[Opening Extracted entries section]
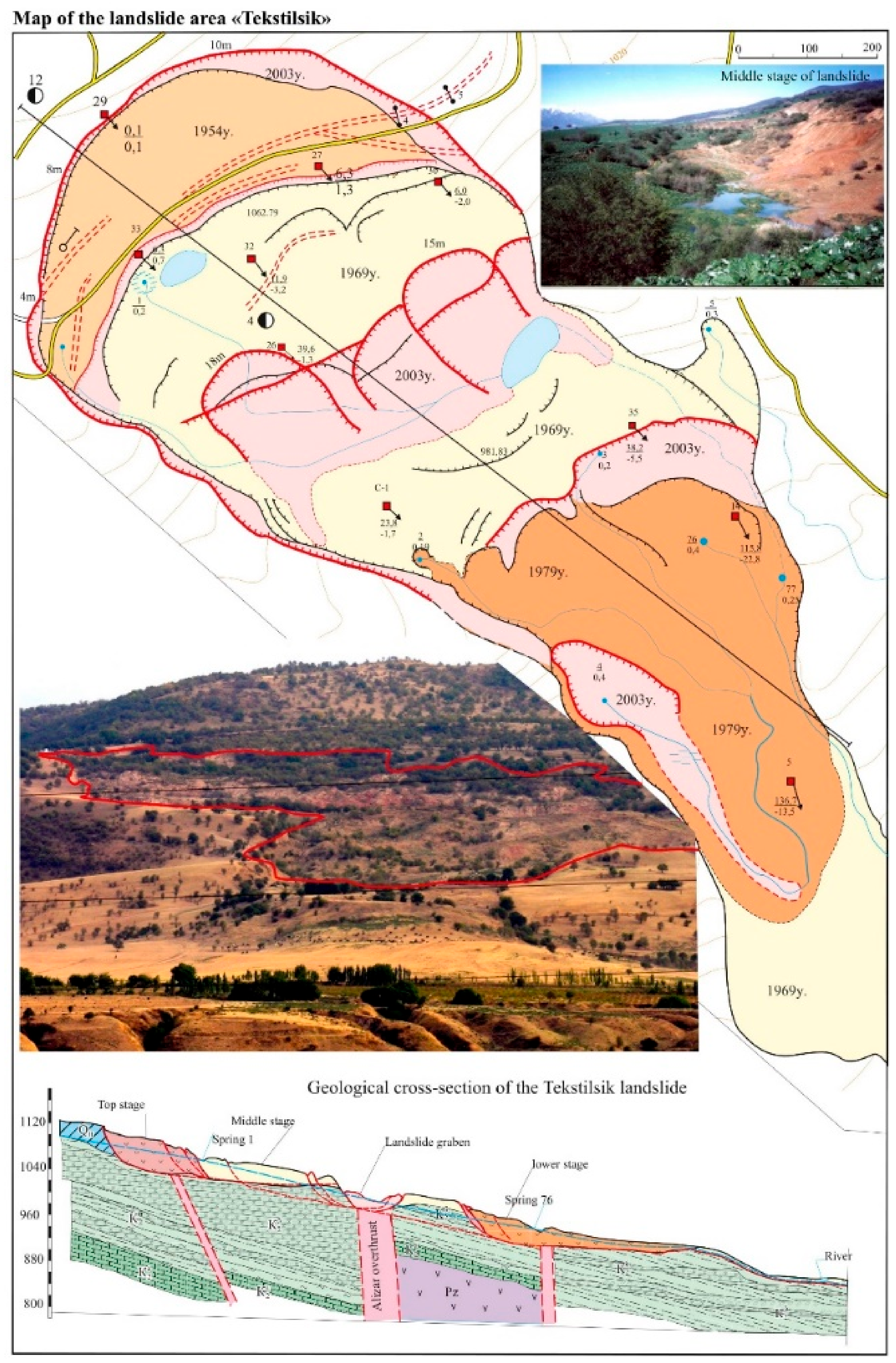 Ijgi 09 00566 g001 Ijgi 09 00566 g001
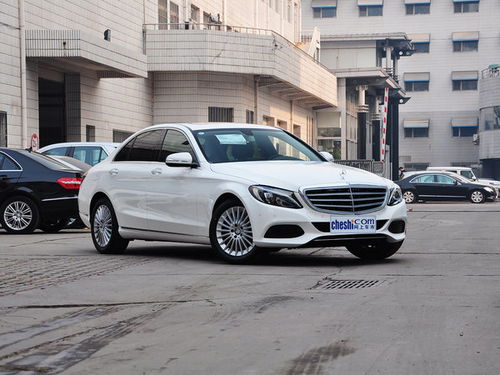 浦东办公室装修公司:如何根据桂花树的价格表选择合适的桂花树?,第2张 浦东办公室装修公司:如何根据桂花树的价格表选择合适的桂花树?,浦东办公室装修公司:如何根据桂花树的价格表选择合适的桂花树?,第2张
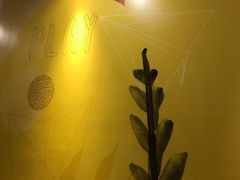 -麦当劳(东吴广场银泰城店)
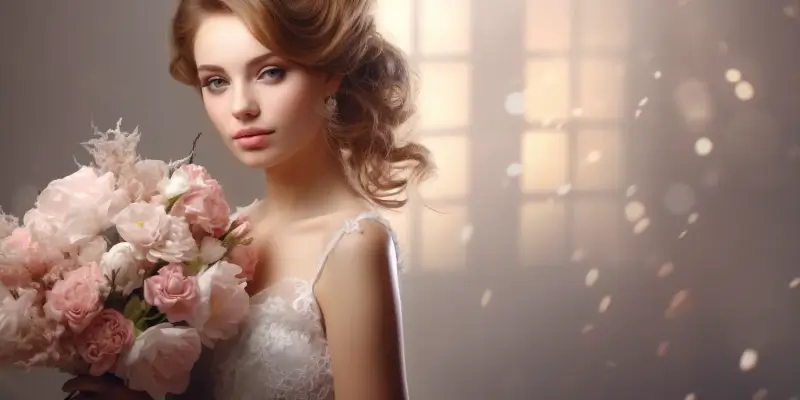 Suknie wieczorowe Szczecin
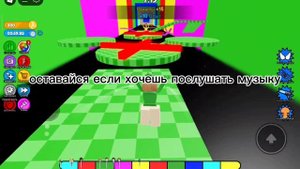 майор гром мне больше всего нравится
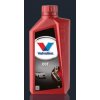 Valvoline DCT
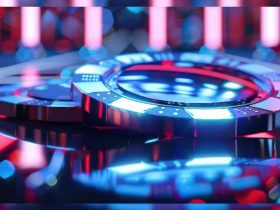 sac-&-fox-casino-and-casinotrac-partner-for-cms-upgrade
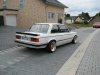 Die "Lotte" - alte Dame! - 3er BMW - E30 - IMG_7969.JPG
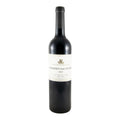 Casa Santos Lima Cabernet Sauvignon Red Wine Lisbon 2023 750ml 14.5% ABV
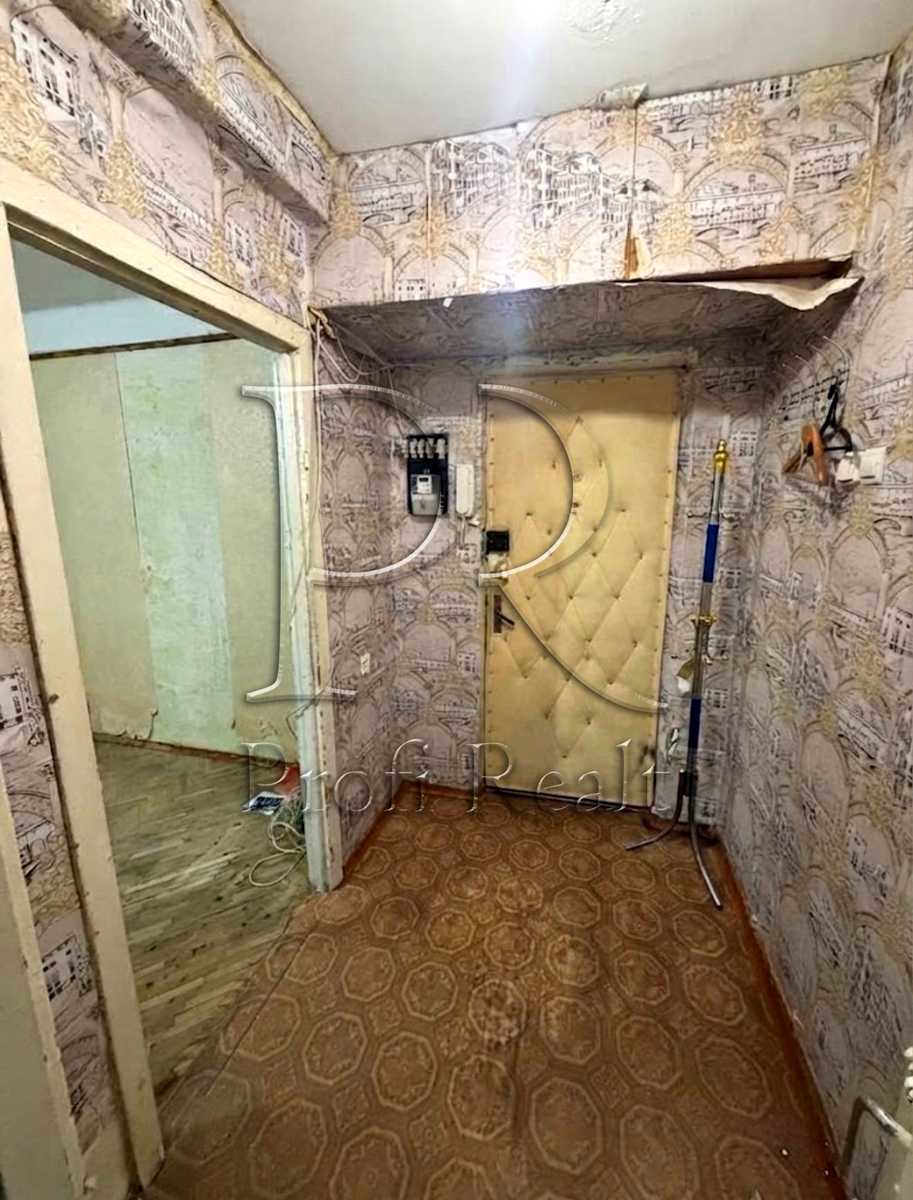 1877012454229236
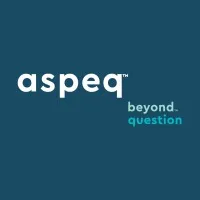 Aspeq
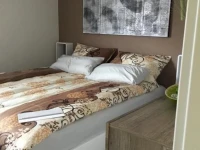 Ferienwohnung Schusi 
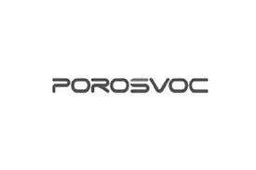 POROSVOC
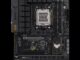 ASUS TUF Gaming B650-PLUS WiFi price in Pakistan, AM5 ATX motherboard top view
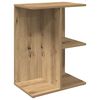 Artisan_oak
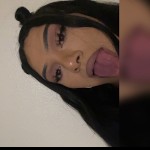 Gean00
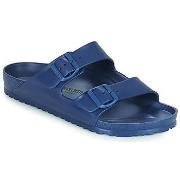 Slippers Birkenstock ARIZONA EVA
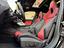Immagine 12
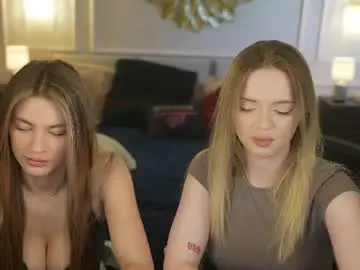 Chaturbate Adult Webcams of kira0541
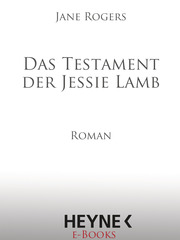 Das Testament der Jessie Lamb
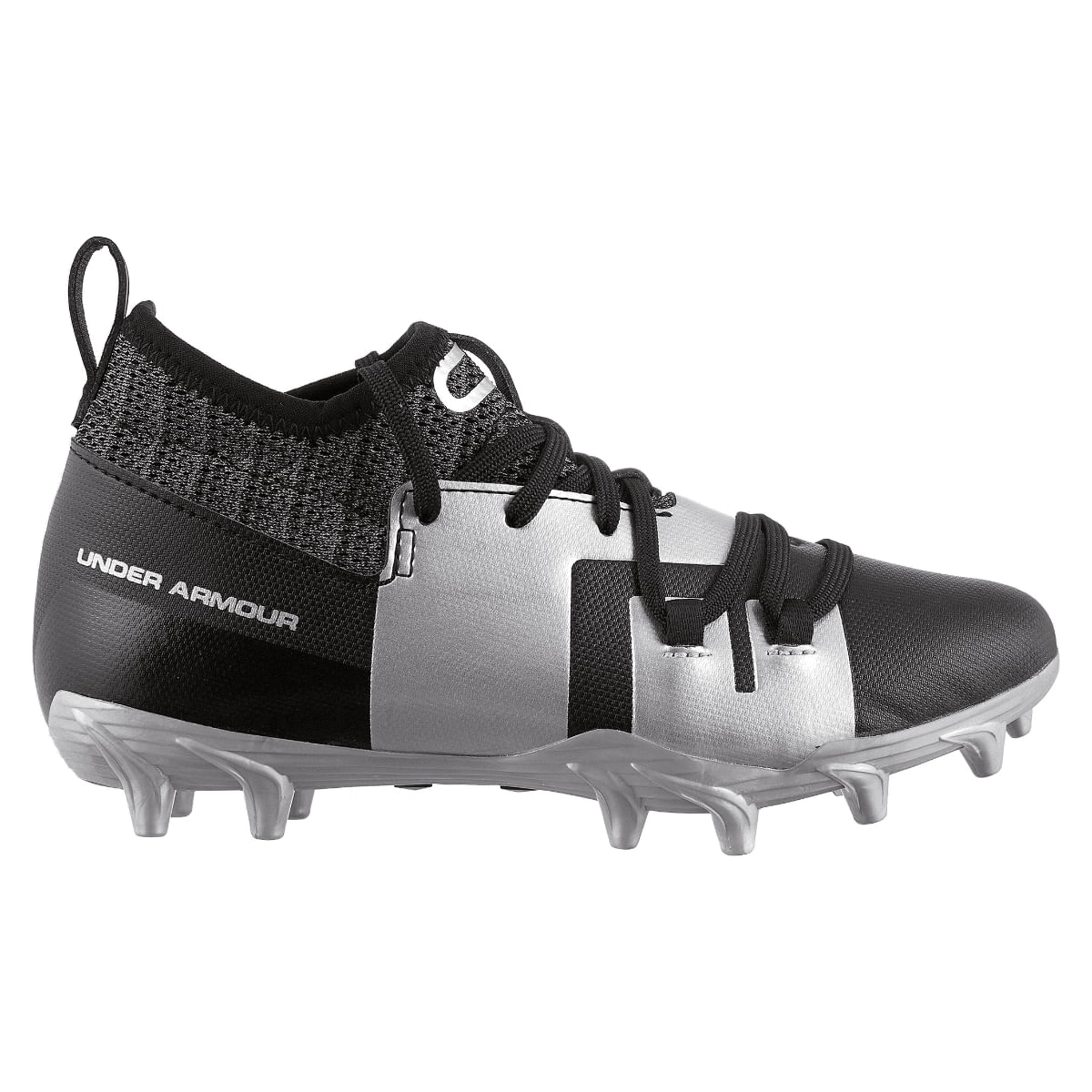 c1n cleats youth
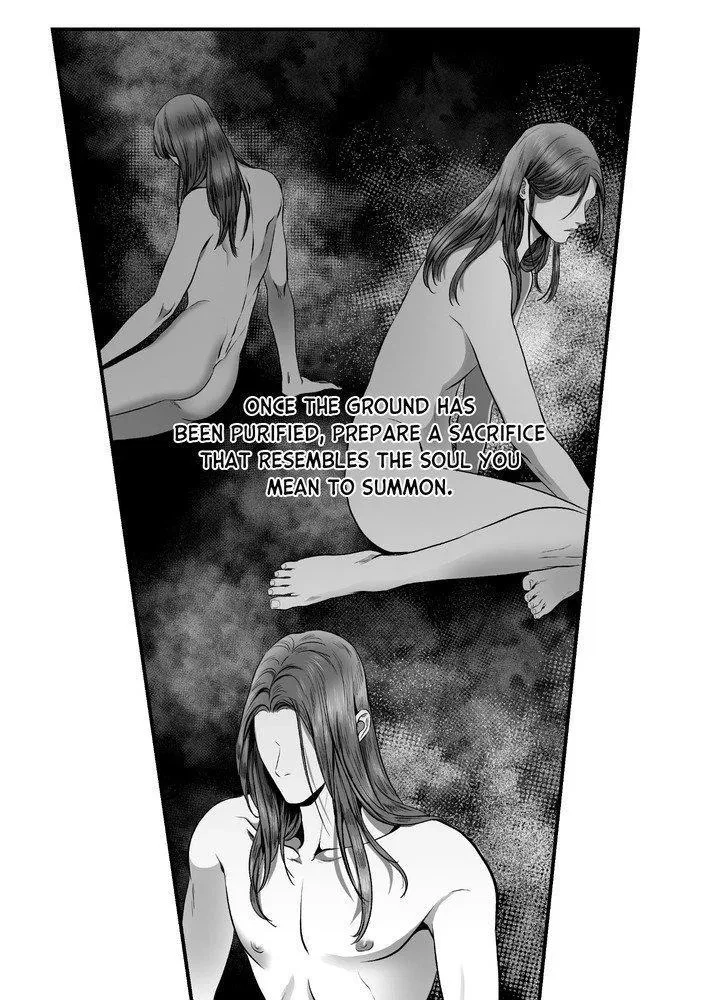 Chapter 5, page 62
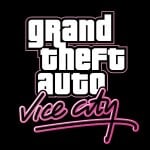 GTA Vice City - записи в блогах об игре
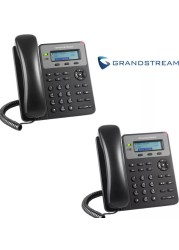 Grandstream GS-GXP1610 HD IP Landline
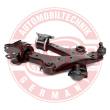 37106-KIT-MS - CONTROL ARM KIT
[Closing Extracted entries section]
▶ **About this exercise**
Repeat the listing above up to and including the line with "1877012454229236", starting from its first line. Drop any pictures.

▶ **Result of this exercise**
 Ijgi 09 00566 g001 Ijgi 09 00566 g001
 浦东办公室装修公司:如何根据桂花树的价格表选择合适的桂花树?,第2张 浦东办公室装修公司:如何根据桂花树的价格表选择合适的桂花树?,浦东办公室装修公司:如何根据桂花树的价格表选择合适的桂花树?,第2张
 -麦当劳(东吴广场银泰城店)
 Suknie wieczorowe Szczecin
 майор гром мне больше всего нравится
 Valvoline DCT
 sac-&-fox-casino-and-casinotrac-partner-for-cms-upgrade
 Die "Lotte" - alte Dame! - 3er BMW - E30 - IMG_7969.JPG
 Casa Santos Lima Cabernet Sauvignon Red Wine Lisbon 2023 750ml 14.5% ABV
 1877012454229236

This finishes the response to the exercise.